L’Essai
À l’été 1903, Fortuné Henry prend possession des quelques terres peu accueillantes qu’il a acquises dans les Ardennes. Il débroussaille, défriche, draine, terrasse… Car cet ex-taulard a un rêve : fonder ici une nouvelle forme de société dans un idéal communiste. Plusieurs amis anarchistes viennent l’aider et peu à peu, la communauté grandit et se structure, laissant entrevoir qu’une autre façon de vivre, loin du joug de l’État, de l’Église ou des conventions, est possible. Mais est-ce suffisant ?
Après Le Tour des géants et L’Invention du vide, Nicolas Debon transporte sa peinture et ses pastels sur le terrain du politique, en narrant un fait historique qui a fasciné autant qu’effrayé à l’époque.

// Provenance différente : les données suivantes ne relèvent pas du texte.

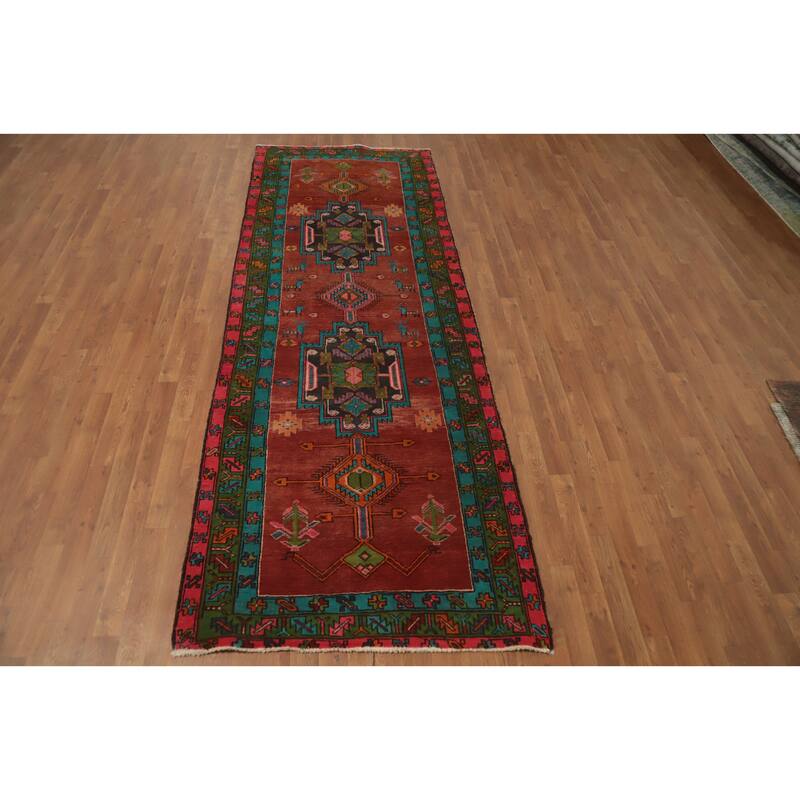 Hand Knotted Oriental 100% Wool Carpet Traditional Geometric Oranges & Rust Ardebil Runner Rug - 10' 2'' X 3' 9''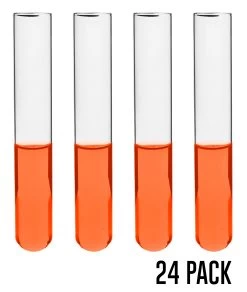 24PK Test Tubes, 50mL, 24x150mm - Rimless - Light Wall, 1.2mm Thick - Borosilicate 3.3 Glass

Car l’initiative de Fortuné Henry, réfléchie et posée, secouait les fondements de la société française d’alors, et réveillait des solidarités humaines endormies par une trop longue soumission au pouvoir central. Avec justesse, distance et concision, Nicolas Debon décrit ce chantier colossal, montre la foi de ces hommes dans un progrès social mais aussi leurs doutes quant à la signification de leur geste. Est-ce une entreprise réaliste ? Ou une simple démonstration à visée idéologique, prémices à une révolution plus violente ? L’auteur ne tranche pas, mais donne à réfléchir. Et surtout, il en profite pour peindre la nature de fort belle manière, grâce à une palette d’outils bien maîtrisés et un choix de couleurs lumineuses et sensorielles. Chaque case est un petit tableau chaleureux et évocateur à admirer. Et L’Essai probablement le meilleur album de son auteur jusqu’ici.